Wenige Tage vor Prozessbeginn reichten sie Anträge ein, um einen Kriegsgefangenenstatus zu erhalten. Alexandrows Anwalt bezieht sich dabei auf die Genfer Konventionen aus dem Jahr 1949. "Kriegsgefangene können generell nicht vor Gericht gestellt werden", sagte der Anwalt nach einer Gerichtssitzung. Der Völkerrechtler Gerd Hankel widerspricht. "Da es keinen Krieg gibt zwischen Russland und der Ukraine, spricht vieles dafür, dass sie im klassischen Verständnis keine Kriegsgefangenen sind", sagte der Experte vom Hamburger Institut für Sozialforschung der DW. Hankel sagt, dass Jerofejew und Alexandrow unter den Schutz eines Zusatzprotokolls zu den Genfer Konventionen fallen, die Fälle wie "Rebellion" oder "Aufstand gegen die Zentralmacht" regelt. Gefangene in einem solchen Konflikt müssen "menschlich behandelt werden". Ein Prozess gegen sie "wegen besonderer Verbrechen" sei aber zulässig, so der Völkerrechtler.
Präzedenzfall für ukrainische Justiz
Für die Ukraine ist dieser Prozess besonders wichtig. Zum ersten Mal seit Kriegsbeginn sitzen russische Militärs auf der Anklagebank. Die Ukraine und der Westen haben von Anfang an Russland beschuldigt, die prorussischen Separatisten mit Waffen und mit Truppen unterstützt zu haben. Russland bestreitet jegliche militärische Beteiligung am Konflikt in der Ostukraine.
Zwar hat die Ukraine auch früher russische Militärs im Kriegsgebiet gefangen genommen, tauschte sie jedoch gegen eigene Soldaten aus, die von Separatisten festgehalten waren. Der bekannteste Fall liegt mehr als ein Jahr zurück, als Ende August 2014 neun russische Fallschirmjäger nach wenigen Tagen Gefangenschaft ausgetauscht wurden. Der russische Präsident Wladimir Putin sagte damals, die Männer hätten sich während einer Armeeübung an der Grenze verlaufen.
Russland nimmt Abstand
Im Fall Jerofejew und Alexandrow verhält sich Moskau anders und distanziert sich.
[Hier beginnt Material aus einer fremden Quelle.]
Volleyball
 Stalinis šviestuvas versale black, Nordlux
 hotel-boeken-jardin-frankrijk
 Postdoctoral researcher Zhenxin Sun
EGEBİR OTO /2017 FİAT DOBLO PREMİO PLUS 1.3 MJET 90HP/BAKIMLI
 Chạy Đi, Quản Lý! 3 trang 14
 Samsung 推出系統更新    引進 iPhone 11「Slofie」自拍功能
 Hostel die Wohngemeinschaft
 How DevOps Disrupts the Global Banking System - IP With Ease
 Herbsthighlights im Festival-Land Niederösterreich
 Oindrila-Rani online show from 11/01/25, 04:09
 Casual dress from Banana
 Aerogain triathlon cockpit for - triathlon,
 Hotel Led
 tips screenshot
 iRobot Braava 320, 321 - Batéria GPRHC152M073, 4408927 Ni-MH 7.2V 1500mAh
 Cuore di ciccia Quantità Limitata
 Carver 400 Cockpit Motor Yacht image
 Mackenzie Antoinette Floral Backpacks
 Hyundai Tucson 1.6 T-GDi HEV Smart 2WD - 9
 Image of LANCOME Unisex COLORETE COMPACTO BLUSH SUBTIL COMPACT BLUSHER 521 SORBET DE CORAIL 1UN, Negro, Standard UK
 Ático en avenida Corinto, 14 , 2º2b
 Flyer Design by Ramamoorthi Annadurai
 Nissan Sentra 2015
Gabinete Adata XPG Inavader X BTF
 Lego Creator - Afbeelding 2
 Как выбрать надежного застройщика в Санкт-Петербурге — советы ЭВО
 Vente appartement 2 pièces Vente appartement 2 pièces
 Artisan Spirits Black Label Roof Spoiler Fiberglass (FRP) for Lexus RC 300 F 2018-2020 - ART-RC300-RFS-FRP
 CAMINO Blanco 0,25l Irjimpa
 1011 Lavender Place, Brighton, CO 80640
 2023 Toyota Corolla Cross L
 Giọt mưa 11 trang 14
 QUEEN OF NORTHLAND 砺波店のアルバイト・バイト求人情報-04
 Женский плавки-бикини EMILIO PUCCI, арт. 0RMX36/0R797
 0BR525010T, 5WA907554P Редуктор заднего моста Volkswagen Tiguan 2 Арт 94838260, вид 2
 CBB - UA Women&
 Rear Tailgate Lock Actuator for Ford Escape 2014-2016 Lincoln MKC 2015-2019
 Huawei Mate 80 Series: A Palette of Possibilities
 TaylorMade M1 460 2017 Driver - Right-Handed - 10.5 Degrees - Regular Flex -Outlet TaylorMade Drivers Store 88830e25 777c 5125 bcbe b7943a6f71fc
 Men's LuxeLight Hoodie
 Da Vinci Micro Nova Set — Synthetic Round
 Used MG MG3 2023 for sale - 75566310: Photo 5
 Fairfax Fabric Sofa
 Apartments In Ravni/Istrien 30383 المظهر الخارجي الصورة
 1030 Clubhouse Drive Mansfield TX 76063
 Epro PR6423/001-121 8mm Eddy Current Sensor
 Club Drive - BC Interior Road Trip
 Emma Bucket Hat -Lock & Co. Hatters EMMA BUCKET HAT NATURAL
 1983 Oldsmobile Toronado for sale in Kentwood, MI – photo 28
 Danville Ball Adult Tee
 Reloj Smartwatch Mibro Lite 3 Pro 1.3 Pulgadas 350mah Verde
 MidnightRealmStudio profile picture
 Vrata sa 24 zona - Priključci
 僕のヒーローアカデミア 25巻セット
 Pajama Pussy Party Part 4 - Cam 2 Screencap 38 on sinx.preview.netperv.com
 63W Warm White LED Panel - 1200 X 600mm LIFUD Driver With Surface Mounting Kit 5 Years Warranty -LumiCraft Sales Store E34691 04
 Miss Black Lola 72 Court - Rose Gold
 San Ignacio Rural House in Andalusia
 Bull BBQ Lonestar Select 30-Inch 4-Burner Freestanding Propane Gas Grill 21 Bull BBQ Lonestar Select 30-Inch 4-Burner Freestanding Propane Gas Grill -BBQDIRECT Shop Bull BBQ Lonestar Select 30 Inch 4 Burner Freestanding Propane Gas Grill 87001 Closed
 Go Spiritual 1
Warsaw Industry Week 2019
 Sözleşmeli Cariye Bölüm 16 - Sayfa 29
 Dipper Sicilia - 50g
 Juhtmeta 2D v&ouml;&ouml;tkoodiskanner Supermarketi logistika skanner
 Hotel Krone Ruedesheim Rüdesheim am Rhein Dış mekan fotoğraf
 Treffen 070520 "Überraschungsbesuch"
Sie hätten ihren Armeedienst im Dezember 2014 quittiert, teilte das russische Verteidigungsministerium mit. Auch Verwandte bestätigten das in russischen Medien. Die Separatisten behaupten, Jerofejew und Alexandrow seien russische Söldner, die als "Volksmilizionäre" für die selbst ernannte Republik kämpften.
Besonders in den ersten Tagen der Gefangenschaft entstand der Eindruck, Russland habe sie im Stich gelassen. Ein Vertreter der russischen Botschaft habe sich wochenlang nicht blicken lassen, sagte Jerofejew in einem Interview. Später beschwerte sich Moskau, Kiew habe den Zugang verweigert. Der russische Präsident Putin jedenfalls hat die Namen der beiden russischen Kämpfer kein einziges Mal öffentlich erwähnt. Es gibt in Russland auch keine mediale Kampagne für die Freilassung von Jerofejew und Alexandrow.
Austausch gegen Sawtschenko nach dem Urteil?
Das steht im Kontrast zum Verhalten der Ukraine im Fall Nadija Sawtschenko, einer Soldatin, die von prorussischen Separatisten gefangen genommen wurde und jetzt in Russland vor Gericht steht. Sowohl der ukrainische Präsident Petro Poroschenko, als auch andere Politiker fordern immer wieder ihre Freilassung.
Medienberichten zufolge wollte die Ukraine Russland einen Austausch anbieten: Jerofejew und Alexandrow gegen Sawtschenko und den ukrainischen Filmemacher Senzow, der in Russland zu einer langjährigen Haft verurteilt wurde. Doch offiziell wurde so ein Angebot nicht bestätigt. Viele Beobachter halten einen Austausch nach der Urteilsverkündung für möglich. Auch Viktor Nikoljuk sei dafür. "Man soll sie in die Heimat schicken und gegen Nadija Sawtschenko austauschen", sagt heute der Mann, der Jerofejew und Alexandrow gefangen genommen hat.